ただ、私はあなたと闘う気はないということを言いたいんです。
たぶん、ここにいる皆も、その気持ちは同じはずです」
「あなた、黒の魔法使いのリーダーなの?」
「いえ、違います」
そう言ったあと、サキはケイトの方を振り返った。
ケイトは、サキに見られて、恥じ入るように下を向いた。
気勢を削がれたのか、アリスは杖を降ろして、地面に突いた。
「まあ、いいわ。
私もここで決着を付けるつもりはないし、多勢に負勢だしね」
「待ちなさい!」
撤退するような素振りを見せたアリスに、今度は、シズカが一歩前に出た。
「シズカちゃん、あなた、まさかここで闘うつもり?」
ただ反射的に声が出てしまったということを知っていたが、アリスは茶化すように、シズカを煽った。

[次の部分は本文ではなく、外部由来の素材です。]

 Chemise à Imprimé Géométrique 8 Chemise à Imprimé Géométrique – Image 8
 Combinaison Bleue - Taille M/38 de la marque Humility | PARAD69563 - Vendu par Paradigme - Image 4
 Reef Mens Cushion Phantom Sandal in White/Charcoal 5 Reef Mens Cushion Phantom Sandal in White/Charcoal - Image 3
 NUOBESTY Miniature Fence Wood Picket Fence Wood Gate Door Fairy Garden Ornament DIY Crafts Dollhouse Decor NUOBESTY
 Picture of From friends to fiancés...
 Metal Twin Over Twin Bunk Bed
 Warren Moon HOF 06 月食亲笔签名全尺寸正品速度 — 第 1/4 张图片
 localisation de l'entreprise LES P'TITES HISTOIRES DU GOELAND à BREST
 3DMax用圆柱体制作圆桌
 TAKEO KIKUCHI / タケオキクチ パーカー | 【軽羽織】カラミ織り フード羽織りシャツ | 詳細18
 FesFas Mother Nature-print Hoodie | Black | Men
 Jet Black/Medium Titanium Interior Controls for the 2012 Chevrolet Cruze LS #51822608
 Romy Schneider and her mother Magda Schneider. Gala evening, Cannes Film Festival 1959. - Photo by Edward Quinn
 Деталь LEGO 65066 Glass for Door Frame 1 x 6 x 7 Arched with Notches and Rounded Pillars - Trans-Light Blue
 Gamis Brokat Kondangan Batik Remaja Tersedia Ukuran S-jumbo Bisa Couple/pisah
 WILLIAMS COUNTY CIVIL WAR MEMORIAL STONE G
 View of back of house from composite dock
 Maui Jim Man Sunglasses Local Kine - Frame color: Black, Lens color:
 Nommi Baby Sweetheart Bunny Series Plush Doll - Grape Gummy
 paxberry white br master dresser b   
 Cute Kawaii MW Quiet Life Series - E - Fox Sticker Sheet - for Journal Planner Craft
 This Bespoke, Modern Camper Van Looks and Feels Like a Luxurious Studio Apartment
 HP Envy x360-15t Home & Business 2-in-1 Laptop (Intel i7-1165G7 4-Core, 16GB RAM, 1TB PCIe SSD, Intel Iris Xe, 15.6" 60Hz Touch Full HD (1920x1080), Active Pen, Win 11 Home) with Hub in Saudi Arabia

「今までの話を聞いてしまって、白の魔法使いのこちらとしても、あなたを黙って帰すわけにはいきません」
シズカはマジック・ワウンドの先端をアリスの方に突き付けるようして身構えた。
「そうねえ、これから人類をリセットする手始めとして、いずれあなた方とやり合うと決まったからには、ここで小手調べしておくのも、悪くないかもね」
アリスがシズカの動きに応じるように、再びワウンドを握り返した。
(せっかく一旦退散してくれそうだったというのに、余計なことをしてくれたな、あのオバさん)
「誰? 今、私のこと、オバさんと呼んだのは?」
アリスが、ここにいる“魔法使い”以外の声を感知して辺りを見回した。
「おい、こら、眠ってたんじゃないのかよ!」
ミサトが背中に背負ったギグバックを揺すって叱るように小さく叫んだ。
「あなた? いや、あなた背負ってる、その黒いバックの中身ね」
アリスがテレポートして、ミサトの直前に現れた。
「いや、あの、御免なさい、ウチのギター、ちょっと口が悪いもので」
ミサトは咄嗟に謝ったが、アリスは彼女の肩のバックをひょいと取り上げると、中からギターを取り出して、しげしげと眺めた。
「へえ、ギターの使い魔なんて、珍しいわね」
(へへ、こんちわ、マイ・レディ、オバさんってのは、あなたのことじゃなくて、あちらの白いドレスの方の……)
「ふん! どっちでもいいわ」
アリスは、赤いギターを空に小石でも投げるような仕草で高々と放り上げると、バリバリと魔力光を放った。
(あんぎゃ!)
「うわ、何をする! リック、大丈夫か!」
ところどころ、黒焦げになって落下してきたリッケンバッカ―を、ミサトがランニングキャッチした。
(大丈夫だ……けど、乱暴なお人やね)
数本の絃が切れていたリックは、気を失うように、さらに1本の絃が“バチン“と切れて静かになった。
「どうやら、ちょっと見くびっていたわ」
アリスが全員を睨みつけた。
「使い魔も呼べるとは、あなたたちの魔力は、思った以上に高いようね。
これから闘って、あなたたちを失うのは、実に惜しいわ。
やっぱり、あなたたちは今後の人類の“礎”となるべきよ」
そう言いながら、アリスは、杖を振り上げて攻撃の体制を取った。
「決めたわ、あなたたちは、極力殺さないであげる。
私たちアイオンの糧となって貰うことにするわ。この前、私たちのアジトに紛れ込んだハンナと、その弟子の魔法少女のようにね」
(ハンナさんの弟子の魔法少女? それって、もしかして、アオイちゃんのことじゃ?)
ケイトは、今アリスが口した魔法少女というのが、行方不明になっている従妹のアオイのことではないかと、勘繰った。
「アリスさん、アオイちゃんは、無事なんですか?」
アリスは、ケイトの叫び声には応えなかった。
捕えた魔法少女の名前までは知らなかったし、聞いていたとしても、覚えていなかった。
「さあ、これで吹き飛ばされるようなら、これからの世界で“生き残る資格”はないわよ」
アリスの杖に溜め込んだ魔力がどんどん上昇していくのを、全員が感じ取った。
アリスを中心に、魔力の波動が辺りの空間を震わせて、大きく歪んだ。
目に見えない巨大な泡のような魔力がはち切れそうに膨らんでいく。
「みんな、伏せて!」
エミは咄嗟に自分と周囲に魔力の防御壁を張ったが、アリスが溜め込んだ魔力を防ぎ切るだけの自信はなかった。
同じように、シズカも、自分と白い魔法少女たちを守るために、防御壁を張ったが、その壁は見るからに薄そうだ。
〈バアアアアアアアン!〉
アリスが杖を振り下ろすと、巨大な泡が一気に弾け飛んだ。